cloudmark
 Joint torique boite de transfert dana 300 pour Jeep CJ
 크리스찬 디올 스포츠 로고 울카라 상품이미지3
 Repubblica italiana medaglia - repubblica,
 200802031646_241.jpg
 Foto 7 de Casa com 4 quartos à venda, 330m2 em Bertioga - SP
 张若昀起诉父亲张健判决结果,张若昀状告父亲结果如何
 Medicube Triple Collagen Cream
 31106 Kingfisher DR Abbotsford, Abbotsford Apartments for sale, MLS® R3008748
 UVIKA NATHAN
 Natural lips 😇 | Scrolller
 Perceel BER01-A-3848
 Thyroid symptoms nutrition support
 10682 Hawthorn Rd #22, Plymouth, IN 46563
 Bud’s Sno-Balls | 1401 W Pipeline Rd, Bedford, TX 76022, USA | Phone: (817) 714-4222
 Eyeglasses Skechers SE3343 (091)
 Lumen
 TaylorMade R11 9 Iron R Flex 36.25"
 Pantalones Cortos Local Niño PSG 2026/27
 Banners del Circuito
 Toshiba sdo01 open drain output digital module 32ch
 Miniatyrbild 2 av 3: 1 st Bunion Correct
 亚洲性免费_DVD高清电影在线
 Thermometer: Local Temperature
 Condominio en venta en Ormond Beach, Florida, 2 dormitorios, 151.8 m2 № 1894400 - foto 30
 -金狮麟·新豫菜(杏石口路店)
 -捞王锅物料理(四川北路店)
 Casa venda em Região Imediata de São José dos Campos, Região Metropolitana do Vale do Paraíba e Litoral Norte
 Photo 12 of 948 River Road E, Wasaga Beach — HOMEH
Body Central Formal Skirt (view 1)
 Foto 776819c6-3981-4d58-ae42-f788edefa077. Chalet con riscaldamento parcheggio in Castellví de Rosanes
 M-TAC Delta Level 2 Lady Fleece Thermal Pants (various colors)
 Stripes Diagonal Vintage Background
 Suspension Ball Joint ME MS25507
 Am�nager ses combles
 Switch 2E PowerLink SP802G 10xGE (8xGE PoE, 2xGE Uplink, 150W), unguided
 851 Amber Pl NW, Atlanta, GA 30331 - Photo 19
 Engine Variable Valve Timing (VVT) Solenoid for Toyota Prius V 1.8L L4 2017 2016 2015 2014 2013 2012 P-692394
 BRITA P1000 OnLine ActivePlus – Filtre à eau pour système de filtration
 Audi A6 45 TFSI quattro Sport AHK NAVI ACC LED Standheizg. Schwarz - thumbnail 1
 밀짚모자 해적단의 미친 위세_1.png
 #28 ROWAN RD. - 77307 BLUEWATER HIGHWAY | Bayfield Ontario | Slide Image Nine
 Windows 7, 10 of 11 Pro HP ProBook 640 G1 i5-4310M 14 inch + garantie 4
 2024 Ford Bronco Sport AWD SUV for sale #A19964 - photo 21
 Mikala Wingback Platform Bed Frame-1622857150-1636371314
◇ ◇ ◇ ◇
*Try it*
Go through the data above and transcribe every entry exactly.

*Exercise result*
cloudmark
 Joint torique boite de transfert dana 300 pour Jeep CJ
 크리스찬 디올 스포츠 로고 울카라 상품이미지3
 Repubblica italiana medaglia - repubblica,
 200802031646_241.jpg
 Foto 7 de Casa com 4 quartos à venda, 330m2 em Bertioga - SP
 张若昀起诉父亲张健判决结果,张若昀状告父亲结果如何
 Medicube Triple Collagen Cream
 31106 Kingfisher DR Abbotsford, Abbotsford Apartments for sale, MLS® R3008748
 UVIKA NATHAN
 Natural lips 😇 | Scrolller
 Perceel BER01-A-3848
 Thyroid symptoms nutrition support
 10682 Hawthorn Rd #22, Plymouth, IN 46563
 Bud’s Sno-Balls | 1401 W Pipeline Rd, Bedford, TX 76022, USA | Phone: (817) 714-4222
 Eyeglasses Skechers SE3343 (091)
 Lumen
 TaylorMade R11 9 Iron R Flex 36.25"
 Pantalones Cortos Local Niño PSG 2026/27
 Banners del Circuito
 Toshiba sdo01 open drain output digital module 32ch
 Miniatyrbild 2 av 3: 1 st Bunion Correct
 亚洲性免费_DVD高清电影在线
 Thermometer: Local Temperature
 Condominio en venta en Ormond Beach, Florida, 2 dormitorios, 151.8 m2 № 1894400 - foto 30
 -金狮麟·新豫菜(杏石口路店)
 -捞王锅物料理(四川北路店)
 Casa venda em Região Imediata de São José dos Campos, Região Metropolitana do Vale do Paraíba e Litoral Norte
 Photo 12 of 948 River Road E, Wasaga Beach — HOMEH
Body Central Formal Skirt (view 1)
 Foto 776819c6-3981-4d58-ae42-f788edefa077. Chalet con riscaldamento parcheggio in Castellví de Rosanes
 M-TAC Delta Level 2 Lady Fleece Thermal Pants (various colors)
 Stripes Diagonal Vintage Background
 Suspension Ball Joint ME MS25507
 Am�nager ses combles
 Switch 2E PowerLink SP802G 10xGE (8xGE PoE, 2xGE Uplink, 150W), unguided
 851 Amber Pl NW, Atlanta, GA 30331 - Photo 19
 Engine Variable Valve Timing (VVT) Solenoid for Toyota Prius V 1.8L L4 2017 2016 2015 2014 2013 2012 P-692394
 BRITA P1000 OnLine ActivePlus – Filtre à eau pour système de filtration
 Audi A6 45 TFSI quattro Sport AHK NAVI ACC LED Standheizg. Schwarz - thumbnail 1
 밀짚모자 해적단의 미친 위세_1.png
 #28 ROWAN RD. - 77307 BLUEWATER HIGHWAY | Bayfield Ontario | Slide Image Nine
 Windows 7, 10 of 11 Pro HP ProBook 640 G1 i5-4310M 14 inch + garantie 4
 2024 Ford Bronco Sport AWD SUV for sale #A19964 - photo 21
 Mikala Wingback Platform Bed Frame-1622857150-1636371314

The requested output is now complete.